Compute the area of the triangle.

2. Jay is given 99 stacks of blocks, such that the i-th stack has i^2 blocks. Jay must choose a positive
integer N such that from each stack, he may take either 0 blocks or exactly N blocks.
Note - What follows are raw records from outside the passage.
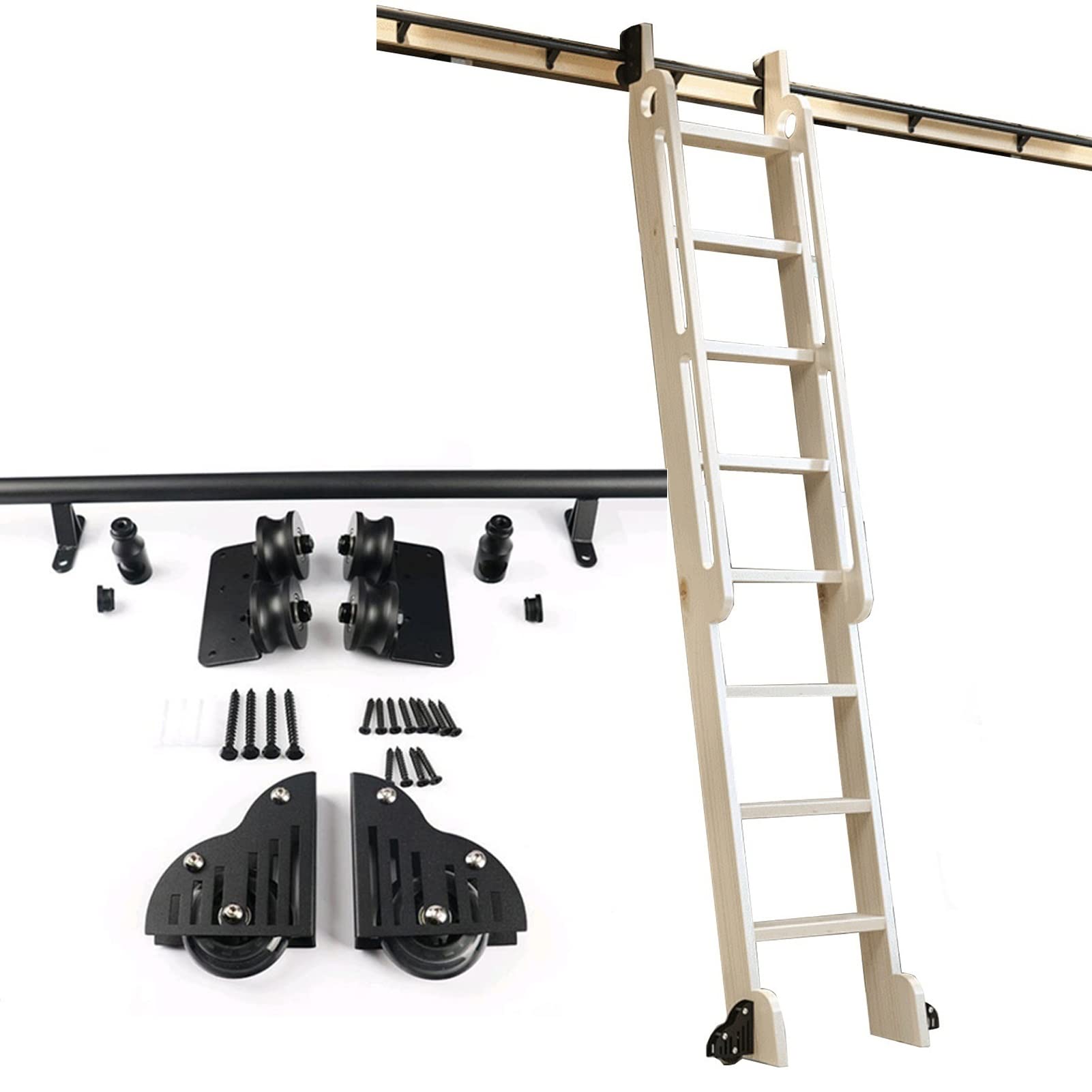 Rockler Black End Caps For Rolling Library Ladder Track - Steel & Aluminum, Prevents Sliding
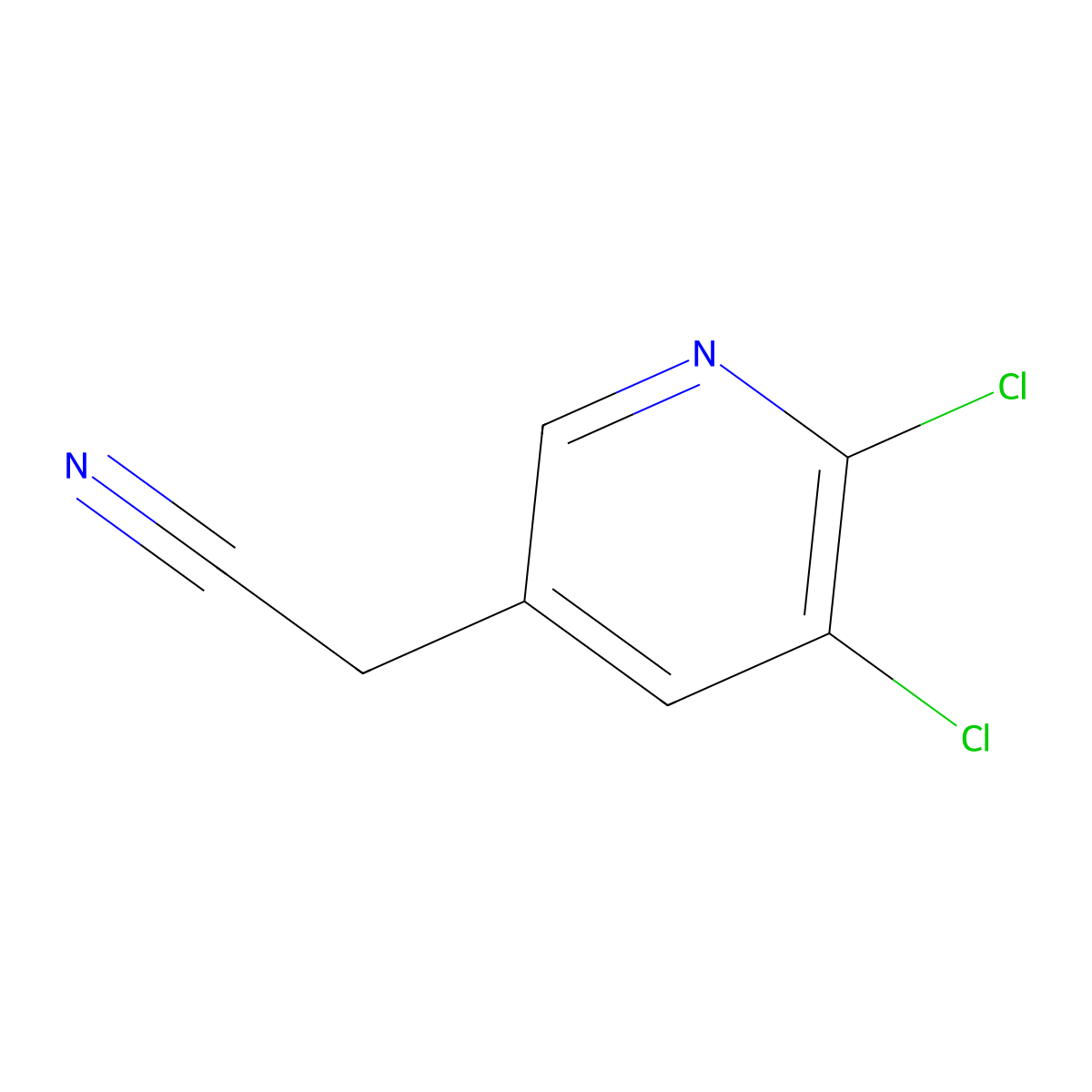 2-(5,6-Dichloropyridin-3-yl)acetonitrile molecular structure, CAS 54226-45-8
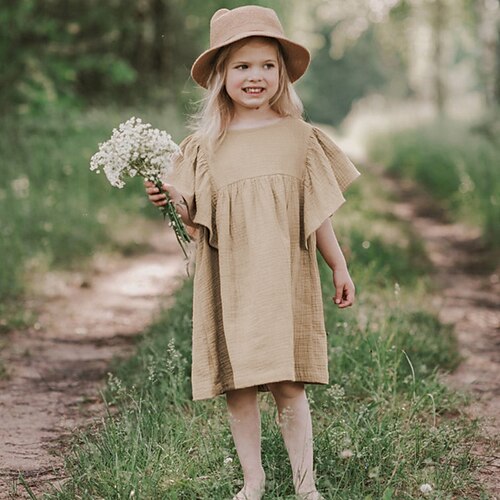 

Kids Girls' Dress Solid Colored A Line Dress Asymmetrical Dress Daily Cotton Short Sleeve Princess Dress 2-6 Years Spring khaki White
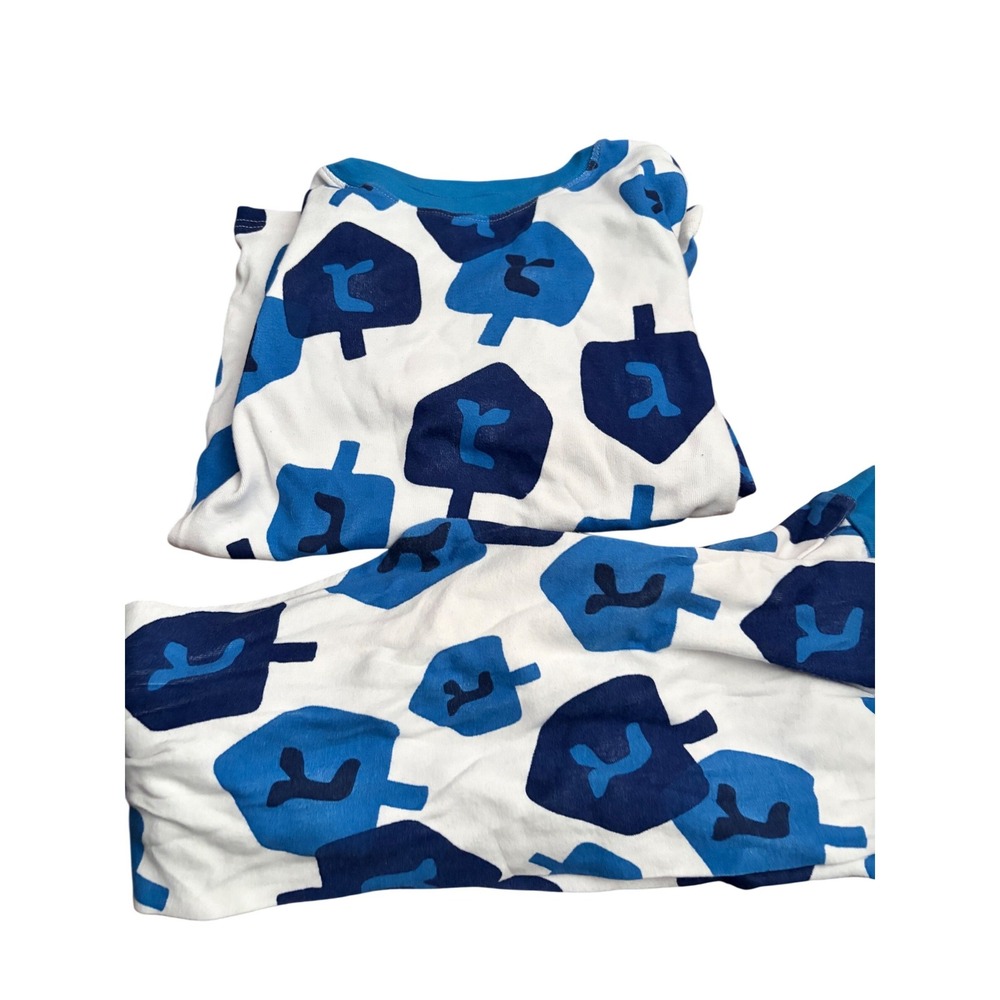 Carters Kids Hanukkah‎ Dreidel Pajama Set Blue White Size 14 Long Sleeve 2 Piece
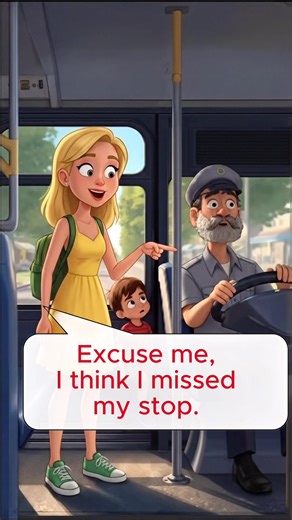 Missed the Bus Stop? 🚌 | Easy English Conversation for Beginners#englishpractice #learnenglish #englishconversation #english #bus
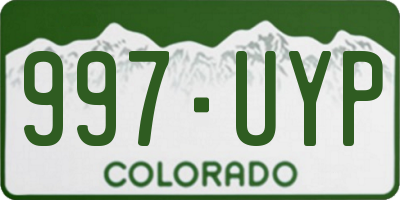 CO license plate 997UYP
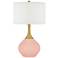 Rose Pink Nickki Brass Modern Table Lamp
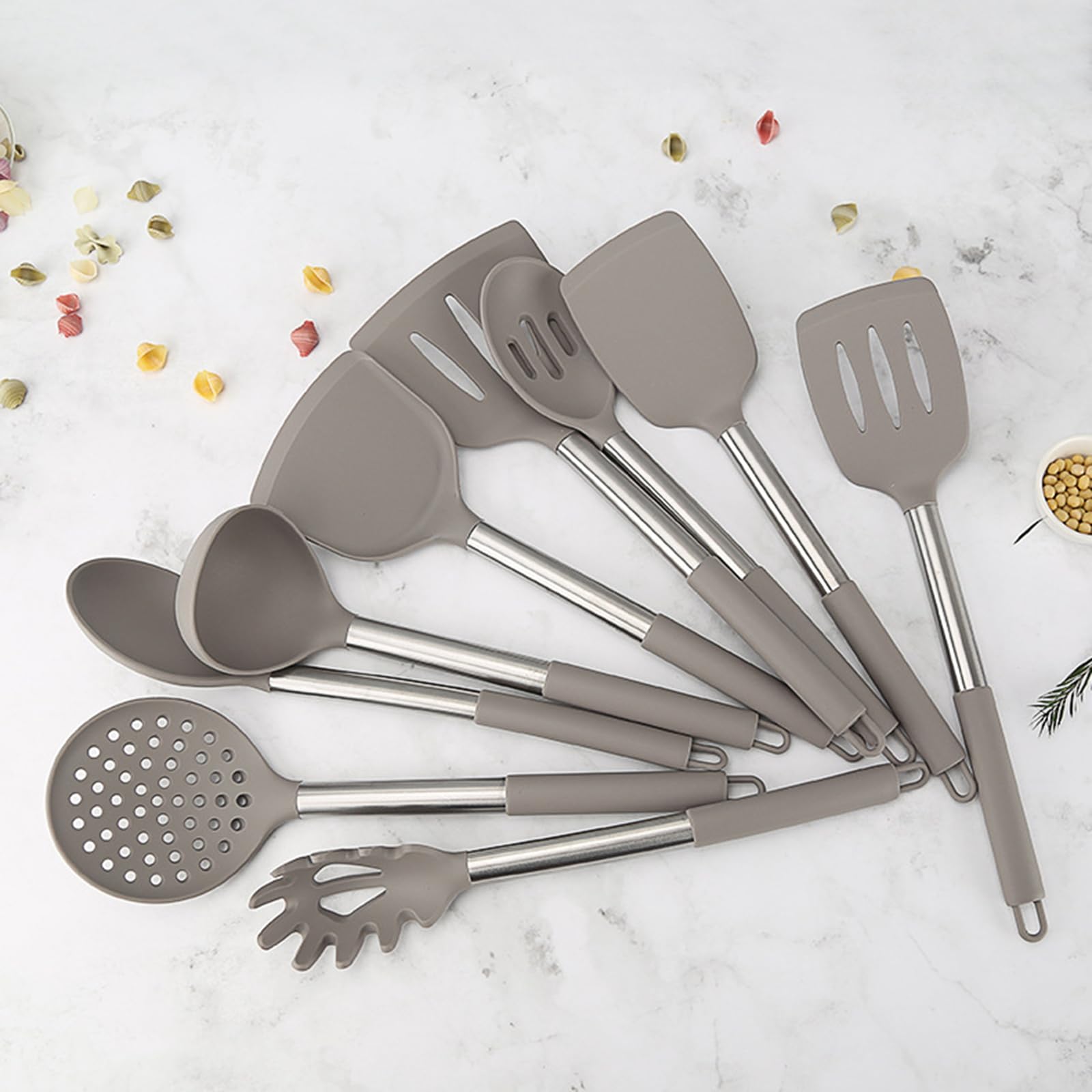 Küchenhelfer-Set aus Silikon mit Edelstahlgriff, hitzebeständige Kochutensilien, 9-teiliges Utensilien-Set mit Aufbewahrungshalter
Compute the
value Jay should choose for N in order to maximize the number of blocks he may take from the 99
stacks.

3.Let ABCD be a square with side length 4. Consider points P and Q on segments AB and BC,
respectively, with BP = 3 and BQ = 1. Let R be the intersection of AQ and DP. If BR^2 can be
expressed in the form
m/n for coprime positive integers m, n, compute m + n.
please ans fast its urgent...

Expert's answer

1.\ \Delta ABC: AB=10, AM=9, BK=12, AK=KC, BM=CM

AD : DM=2:1, AD=6, DM=3

BD : DK=2:1, BD=8, DK=4

\Delta ABD: p={10+6+8 \over 2}=12

\Delta ABD: Area-1=\sqrt{12(12-10)(12-6)(12-8)}=24

\Delta ABK: Area_2={3 \over 2}*Area_1={3 \over 2}*24=36

\Delta ABC: Area_3=2*Area_2=2*36=72

2.\ \displaystyle\sum_{i=1}^ki^2={k(k+1)(2k+1) \over 6}

N=\displaystyle\sum_{i=1}^{99}i^2={99(99+1)(2*99+1) \over 6}=328350

3.\ A(0, 0), B(0, 4), C(4, 4), D(4, 0), P(0, 1), Q(1, 4).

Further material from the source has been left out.